Friday, December 24, 2010

Christmas dinner

Anastasia and Dr Crazy have inspired me to gloat about describe my Christmas dinner plans too.*

This year it is just us. Just the Geekman and me. But will that stop us from cooking as though we are having 20 dinner guests? No, it will not. In fact, we will have EXTRA TIME FOR COOKING! Because of no dinner guests. Hah.

We plan to start off by piling the table with small snack-like things, which we will eat throughout the day. This means:
Dolmades
Olives
Smoked salmon spread with cream cheese and rolled up into little parcels
Prosciutto wrapped around pieces of melon
Strawberries**
Blueberries
Mango

There will also be gin and tonics, and vodka and orange for random slurping throughout the afternoon.

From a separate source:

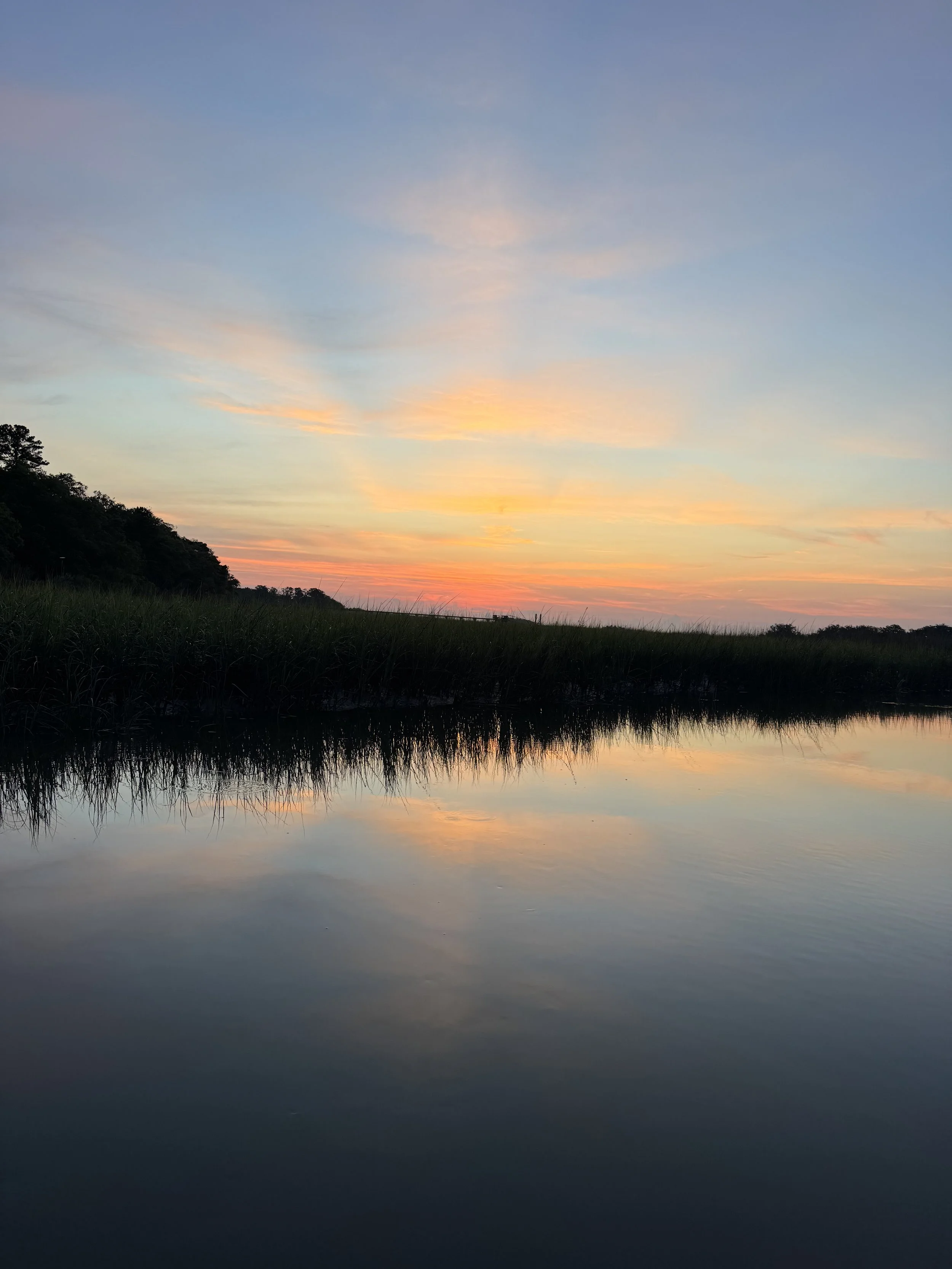 A peaceful sunrise over the Harbor River with silhouetted trees lining in the distance.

Then we are going to have an actual Christmas dinner, in three acts:

Act I
Mushroom and smoked fish canapes (1982 says hi!)
Scallops with lime and vodka sauce

Act II
Cornish game hens with sage and orange glaze
Swedish meatballs
Braised red cabbage
Glazed roast beetroot
Pioneer woman's burgundy mushrooms
Sourdough bread

Act III
Banoffee trifle
Cheese platter

Then we are going to spend the evening drinking mulled wine and port, and eating homemade chocolate truffles.

Yes, it is eclectic. And we will probably die of exploded stomach syndrome before we finish it all. But it is all our favourite foods, and it will be AWESOME.

__________
* Is anyone else a little worried that when you have been talking to a real life colleague or family member recently, you might have mentioned something delicious you are cooking, which they might google in order to find a recipe, and then they might come across your blog? No? Just me, then.

** The best thing about Christmas in the middle of summer is the berries. The worst thing about Christmas in the middle of summer is how the berries were $2.99 a punnet last week, and they miraculously leap up to $6.99 on Christmas Eve. Also that if you want ripe berries on Christmas day, you have to brave the craziness that is the grocery shop a day or two before. In New Zealand, I remember that the milkman used to deliver strawberries along with the milk on Christmas Eve. That was a much better solution.

1 Comment:

Anonymous said...

"Is anyone else a little worried that when you have been talking to a real life colleague or family member recently, you might have mentioned something delicious you are cooking, which they might google in order to find a recipe, and then they might come across your blog?"


This has happened to me. A friend not a colleague and as it happens, the world did not end but oh holy crap and I am no longer indexed by google.